Task objective » Write the lines below out exactly, dropping each picture.

** Exercise data follows **

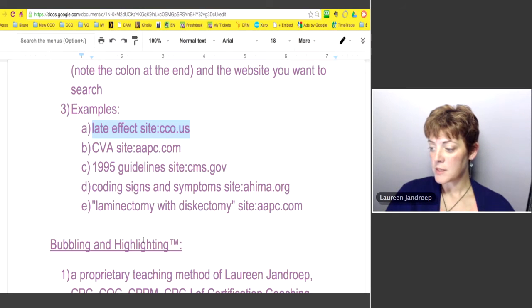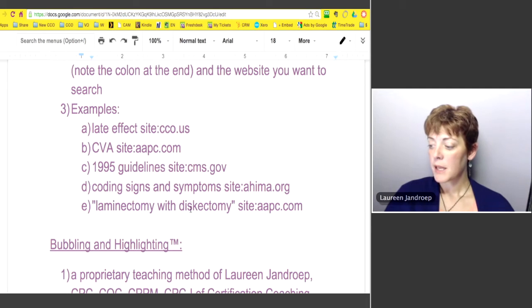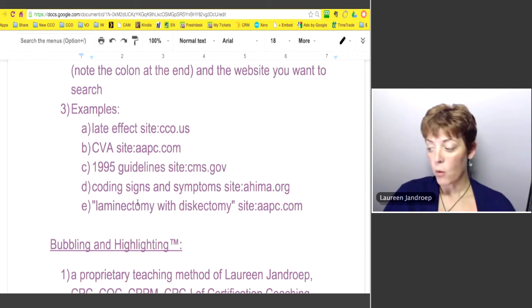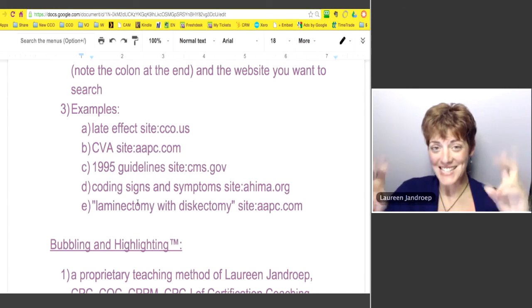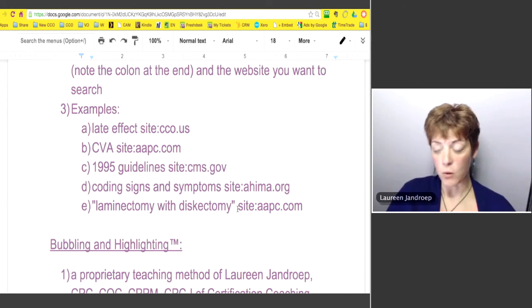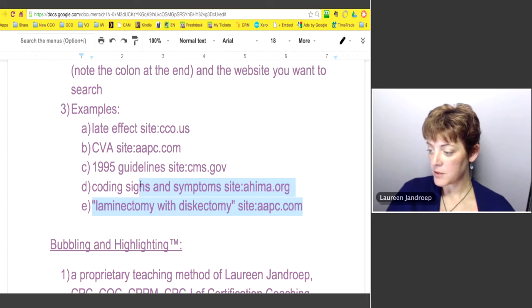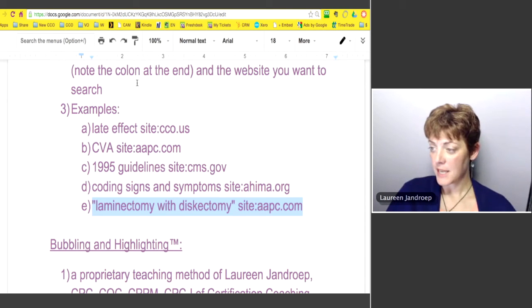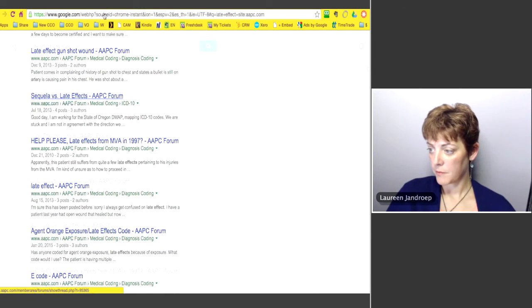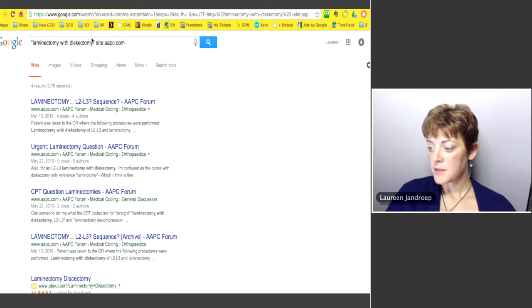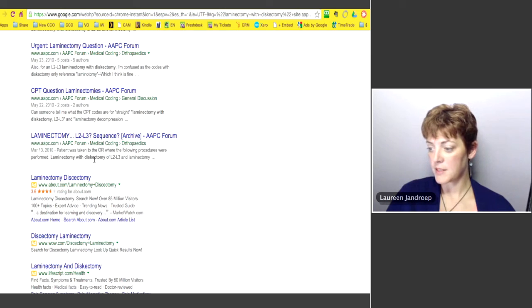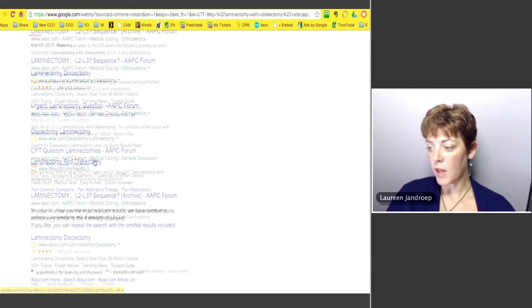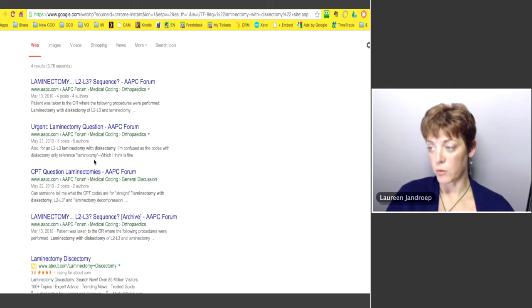Another thing you can do is like this last one here, laminectomy with disectomy. What Google will do is it will look for the word laminectomy or the word disectomy and show you all sorts of pages with that. But if you want that exact phrase, put it in quotes. So I'm going to grab this one and show you how that works. So I put laminectomy with disectomy as a separate term. And now we can see when we start looking at the results that are in bold, laminectomy with disectomy. There wasn't a whole lot, but it really narrowed my search down using those quotes.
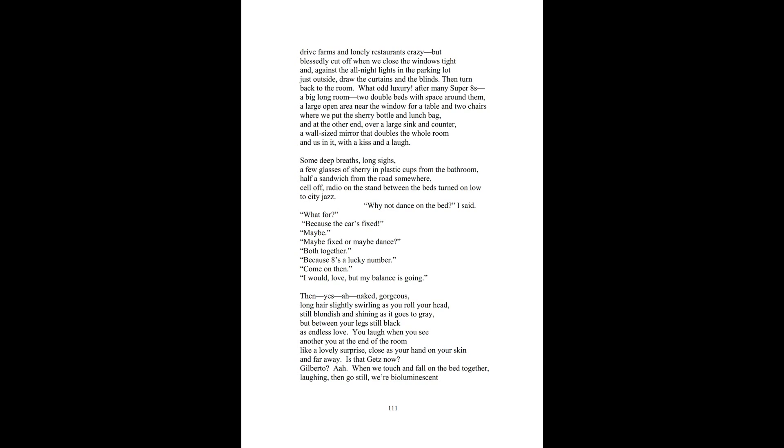To let the toy machines down there drive farms and lonely restaurants crazy. But blessedly cut off when we close the windows tight and, against the all-night lights in the parking lot just outside, draw the curtains and the blinds, then turn back to the room. What odd luxury after many Super 8s: a big, long room, two double beds with space around them, a large open area near the window for a table and two chairs, where we put the sherry bottle and lunch bag. And at the other end, over a large sink and counter, a wall-sized mirror that doubles the whole room and us in it, with a kiss and a laugh.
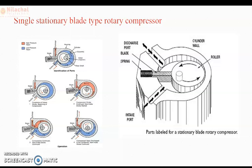In this way, the low pressure and low temperature vapor refrigerant is compressed gradually to high pressure and high temperature. This covers the construction and working principle of the single stationary blade type rotary compressor.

** End of Exercise data **

Your solution »
Another thing you can do is like this last one here, laminectomy with disectomy. What Google will do is it will look for the word laminectomy or the word disectomy and show you all sorts of pages with that. But if you want that exact phrase, put it in quotes. So I'm going to grab this one and show you how that works. So I put laminectomy with disectomy as a separate term. And now we can see when we start looking at the results that are in bold, laminectomy with disectomy. There wasn't a whole lot, but it really narrowed my search down using those quotes.
To let the toy machines down there drive farms and lonely restaurants crazy. But blessedly cut off when we close the windows tight and, against the all-night lights in the parking lot just outside, draw the curtains and the blinds, then turn back to the room. What odd luxury after many Super 8s: a big, long room, two double beds with space around them, a large open area near the window for a table and two chairs, where we put the sherry bottle and lunch bag. And at the other end, over a large sink and counter, a wall-sized mirror that doubles the whole room and us in it, with a kiss and a laugh.
In this way, the low pressure and low temperature vapor refrigerant is compressed gradually to high pressure and high temperature. This covers the construction and working principle of the single stationary blade type rotary compressor.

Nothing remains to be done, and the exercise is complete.